Hikaye | Kategoriler | Hikayeler

Yeşil Elbise



    Yolda karşılaştığımızda ezan okunuyordu.



    - Gel seni camiye götüreyim, dedim.Bu gün Cuma biliyorsun.



    - Sen de benim camiye gitmediğimi biliyorsun, dedi



    - Biliyorum ama, sebebini gerçekten merak ediyorum.



    - Ne bileyim olmuyor işte, dedi. Hem pantolonumun ütüsü bozulup, dizleri çıkar diye endişe ediyorum.



    Gayri ihtiyari gülmeye başladım.



    - Herhalde şaka yapıyorsun, dedim. Bunun için cami terkedilir mi?

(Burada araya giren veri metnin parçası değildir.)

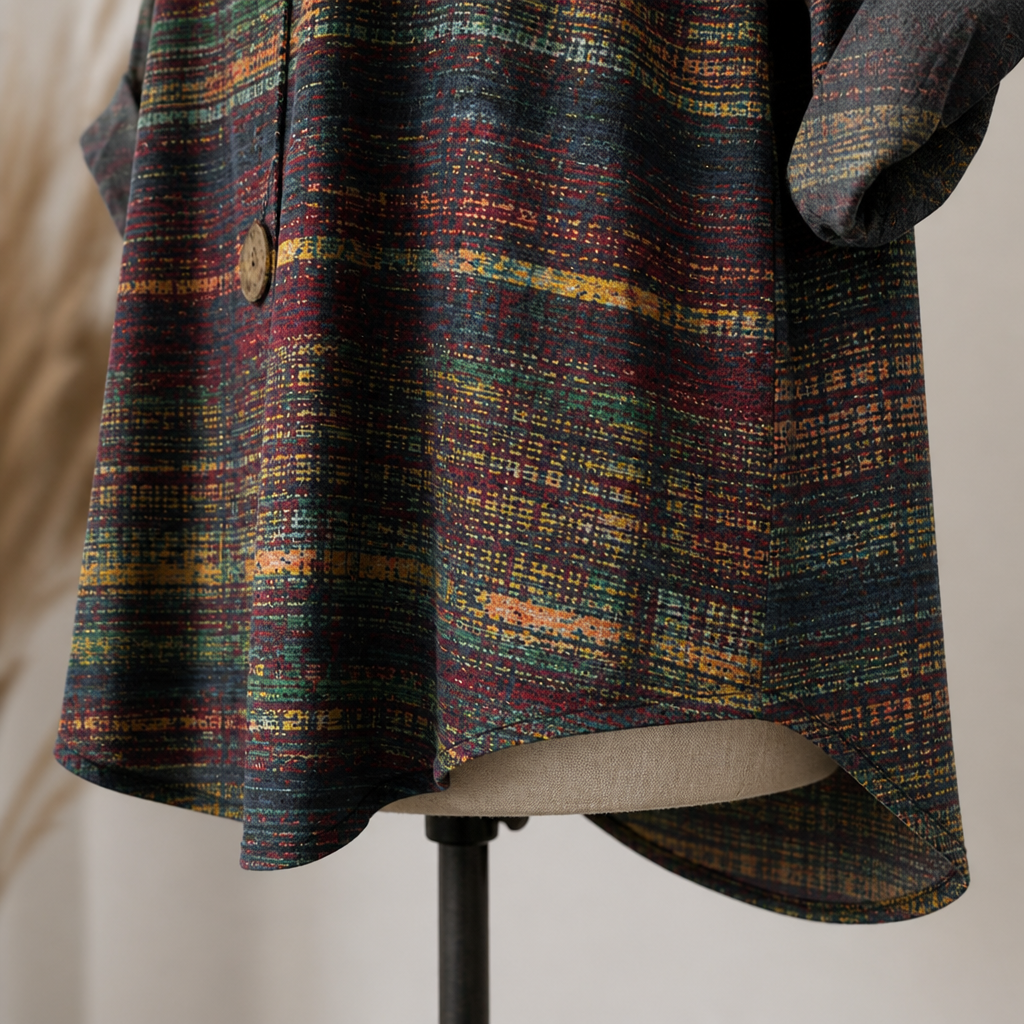 LuminaBelle – Camicetta con scollo a V e stampa vintage, maniche con polsini risvoltati - Lamylie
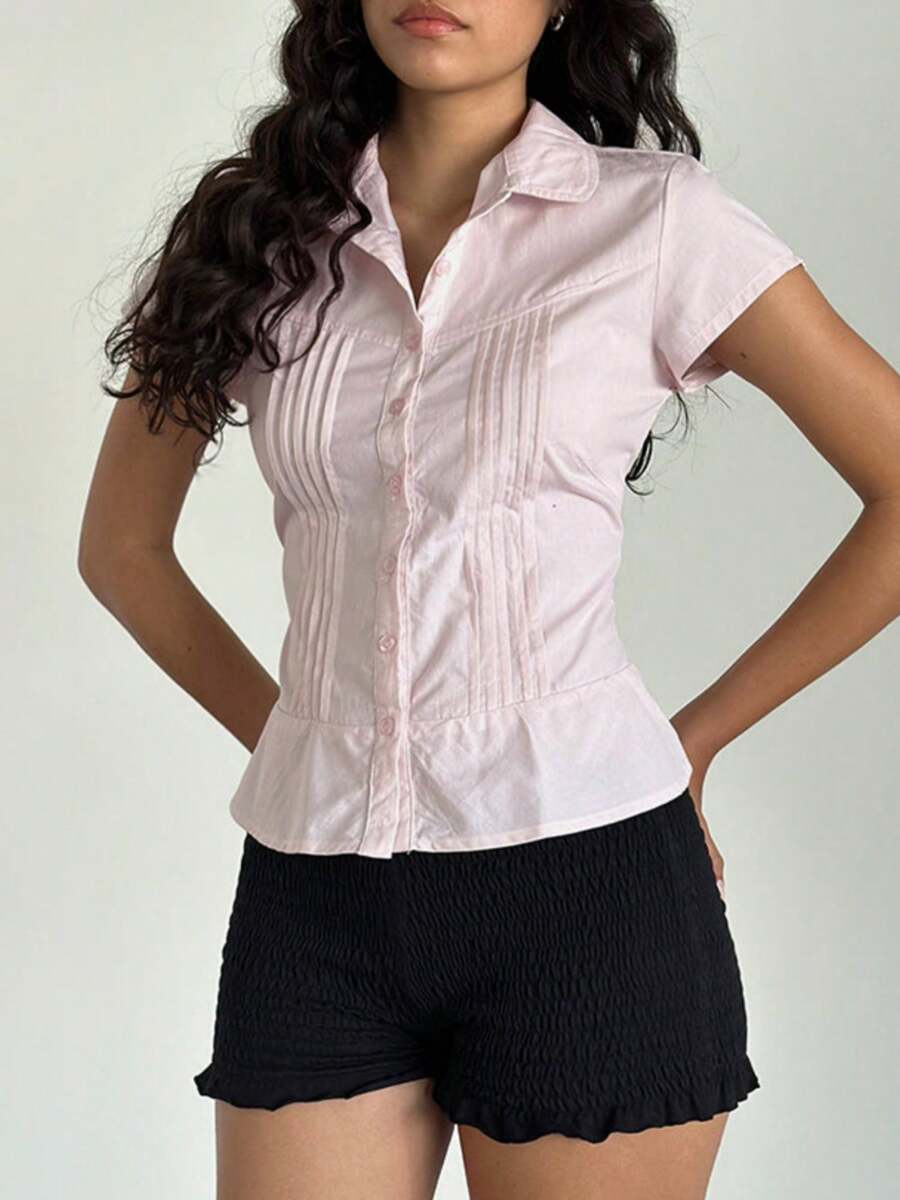 Women Y2k Fairy Grunge Button Down Shirts Short Sleeve Lapel Collar Slim Fit T Shirt Going Out Blouses Crop Tops Vinatge Aesthetic Clothes Summer E-Girls Streetwear 2000s - 粉色 - 查看 1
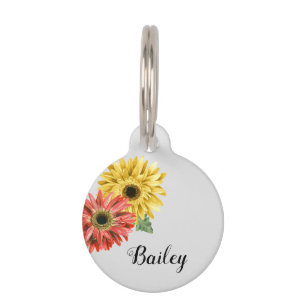 Pet Dog Cat Modern Gerbera Daisy Pretty ID Tag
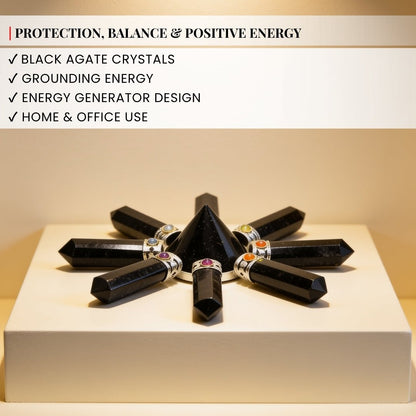 Black Agate Conical Orgone Pyramid Energy Generator - plusvalueindia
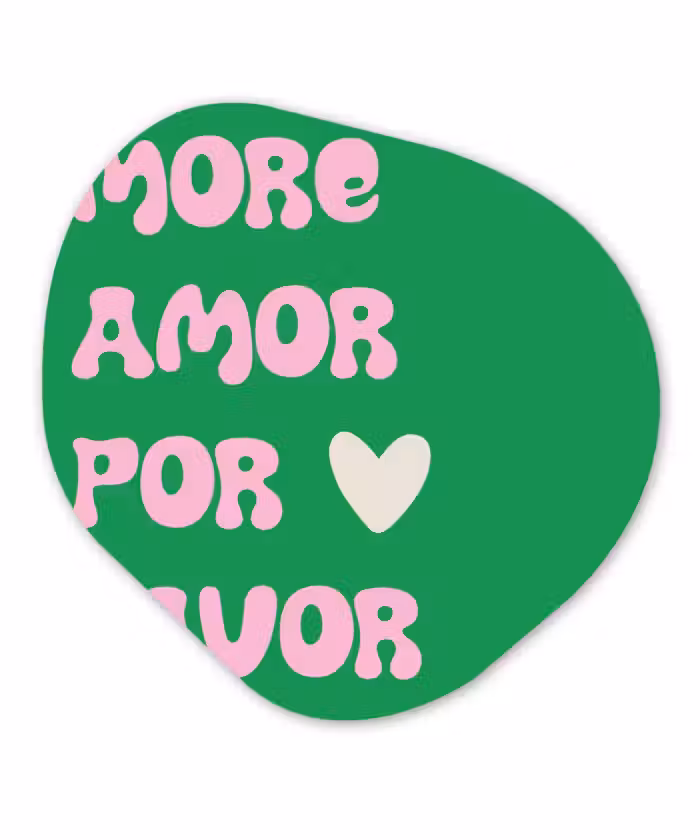 Organisch schilderij - Glas - Amor - Valentijn - Groen - Tekst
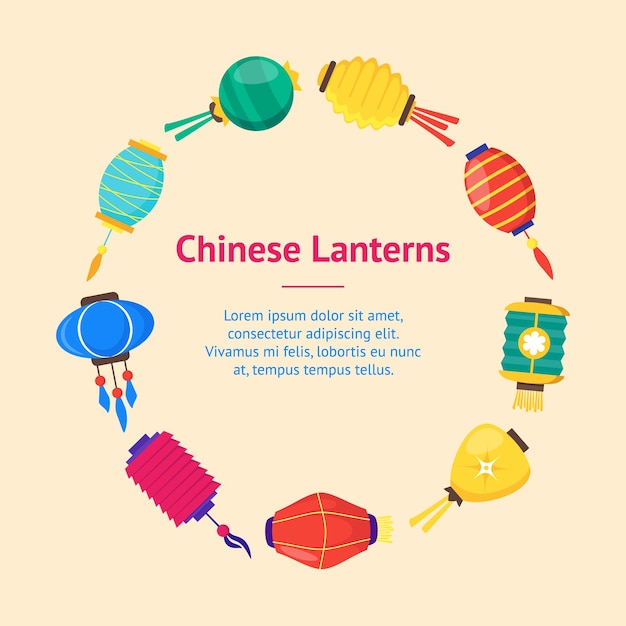 Vecteur east chinese paper street ou house lanterns banner card circle vector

    - Ciddi söylüyorum, dedi. Giyimime ve özellikle yeşile düşkün olduğumu bilirsin.



    Gerçekten öyleydi. Giydiği birbirinden güzel elbiseleri mutlaka yeşilin bir başka tonundan seçer ve her zaman ütülü tutardı.



    - Peki, dedim. Hayatında hiç camiye gitmedin mi?



    - Çocukken dedemle birkaç kere gitmiştim, dedi. Hem o yaşlarda dizlerim aşınacak diye herhalde endişe etmiyordum. Fakat artık camiye gidebileceğimi zannetmiyorum.



    Söyledikleri beni son derece şaşırtmış ve bu konuyu açtığıma pişman etmişti. Daha sonra el sıkısıp ayrıldık.



    Onunla konuşmamızdan 2 ay sonra, kendisinin camide olduğunu söylediler. Hemen gittim. Bahçedeki namaz saflarının en önünde duruyordu ve üzerinde yine yeşiller vardı.



     Yavaşca yanına yaklaştım ve kısık bir sesle:



    - Hani, dedim. Camiye gelmeyecektin?



    Hiç sesini çıkarmadı. Çünkü musalla taşının üzerinde, yeşil örtülü bir tabut içinde yatıyordu.